Dante forgot to describe this one

Recently I was asked to help out an old project to get them unstuck. As I was helping them and fixing the problem, I who follow the Creed, saw how the state of some parts of the codebase were dilapidated and so according to Principles we fix them. This is the way.

CI

The state of the CI was a bit to be left desired. They ran out of date images from 2 years ago and never got them updated since that part was not being maintained anymore by my previous employer. So I snipped that connection by moving in some more ci defined images in the repo. This made it maintainable again and moved them into AWS ECR us-east-1 region for better compatibility with CircleCI. As per their advice.
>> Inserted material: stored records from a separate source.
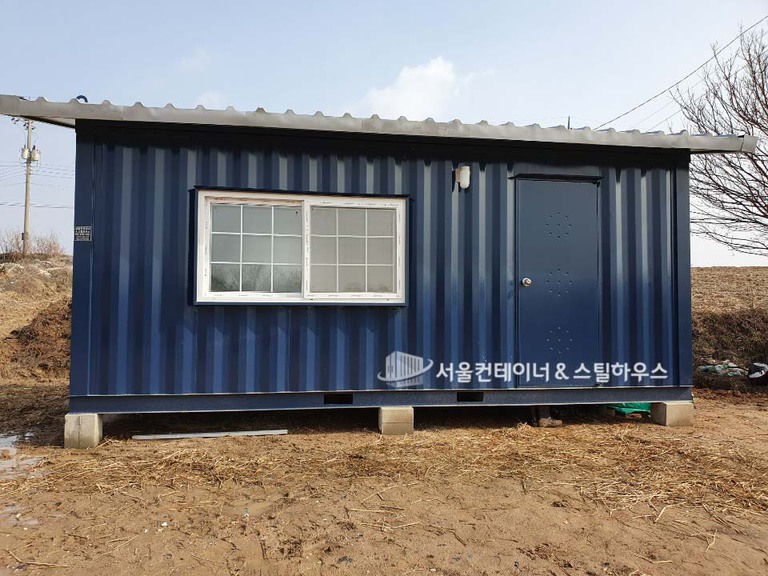  여주시 컨테이너 주택, 주거용 컨테이너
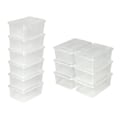 Miniatyrbild 3 av 4: tectake Förvaringslåda 24 pack Transparent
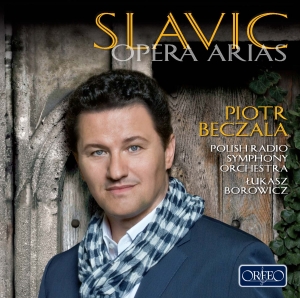 Various - Slavic Opera Arias in der Gruppe CD bei Bengans Skivbutik AB (1974908)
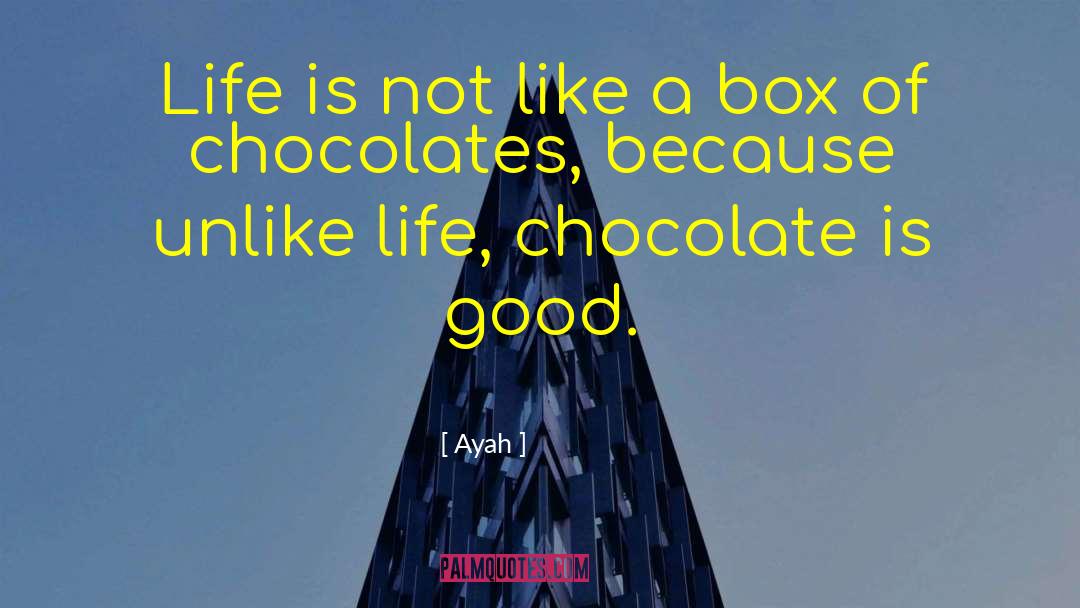 Fleurir Chocolates quotes by Ayah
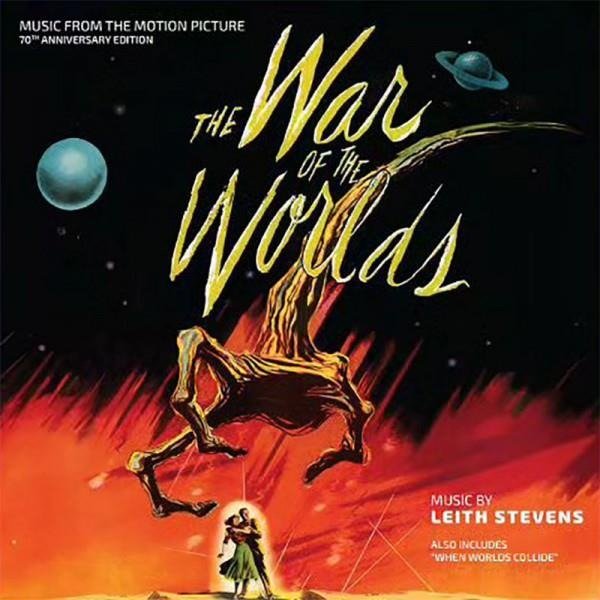 CD Shop - STEVENS, LEITH WAR OF THE WORLDS / WHEN WORLDS COLLIDE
I did see however that the flow was taking up a lot of credits unnecessarily, due to the fact they (well I back then) split up a lot of steps to make it more in parallel. This however hardly saves time and what it does do is add a lot of startup time and credits. So after bundling things together for the backend and simplifying the flow a lot, there was one glaring issue remaining.

The frontend. Da da da daaaaaaaaaa

First circle of hell

The first circle of hell is a thing called frontend dependencies. So the frontend word just moves forward everyday like a death march. The problem is sometimes you want to move ahead but they introduce an incompatibility between two minor versions of their own published packages. So you get bogged down into these vague errors and problems and you are left wondering what portal you stepped through to get into this Twilight Zone.

This other dimension that seems very much like your own, but something is off. Some minor thing, you cannot put your finger to it and explicitly say it, but something is off. Just something minor, colours are slightly different, the keyboard you use to press in the keys feels like it has a slightly different actuation force. It just turns out it has to do with a slightly different package version and NodeJS runtime and suddenly you are in purgatory.

The problem also arises when devs are frozen in time. They have their node_modules cache set to the date of when the project began and it will work till end of days as long as you keep those files exactly like that.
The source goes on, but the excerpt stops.